Indoors, I heard them before I saw them, and whatever it was they were up to sounded very much like major celebration. So I raced outside and the blue sky seemed full of gleaming sunlit underbellies. And had there been solo honking earlier it had ceded now to full chorus. No photographic exhibition will host the images I made hastily with only my iPad to hand. But I shall keep the grainy reminder that allowed me, after the event, to count a flight of 110 wild geese above our house, as I swallowed the lump in my throat, celebrating the harmony and hymnody of their communion.
There’s a simple slate memorial slab on the wall of the old church in Martindale near here. Remembering a former priest of the parish, it bears an exquisite inscription from the Song of Songs, 2.12
The time of the singing of birds is come
Cloud-capped Blencathra, bathed in sunshine as we cycled by, made for an atmospheric ride, despite collisions with the millions of midges also thriving (those that weren’t snapped up by birds on the wing not busy singing) – in the humid warmth of a lakeland autumn afternoon.

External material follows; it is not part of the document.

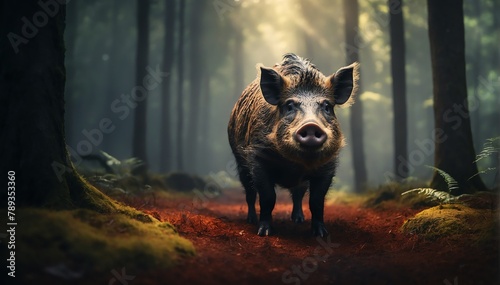 a wild boar in the middle of a dark forest from Generative AI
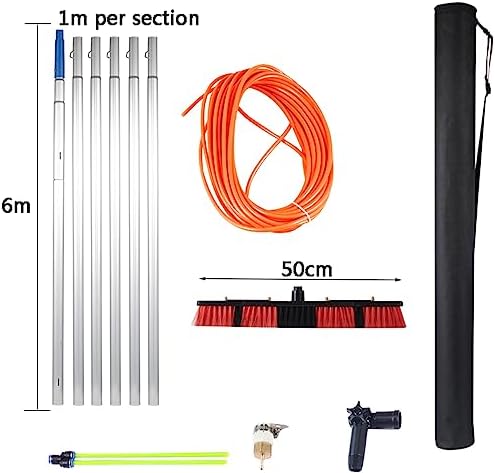 Telescopic Window Cleaning Pole 10-39ft, Water Fed Brush with 30cm/50cm Large Head, Ideal for Roof & High Window Cleaning, Durable & Adjustable Cleaning Tools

Eycott Hill holds a profound silence and space that I’m always awed by. Very few things indeed are better antidote to this world’s contemporary anxieties than deep silence beneath the rich blue dome of the sky. Here, as in the ultimate cycling onwards into the peace of all eternity, the time of the singing of birds is, indeed, come – and these quieter songs effectively drown out the raucous cacophany of some of the very much louder ones!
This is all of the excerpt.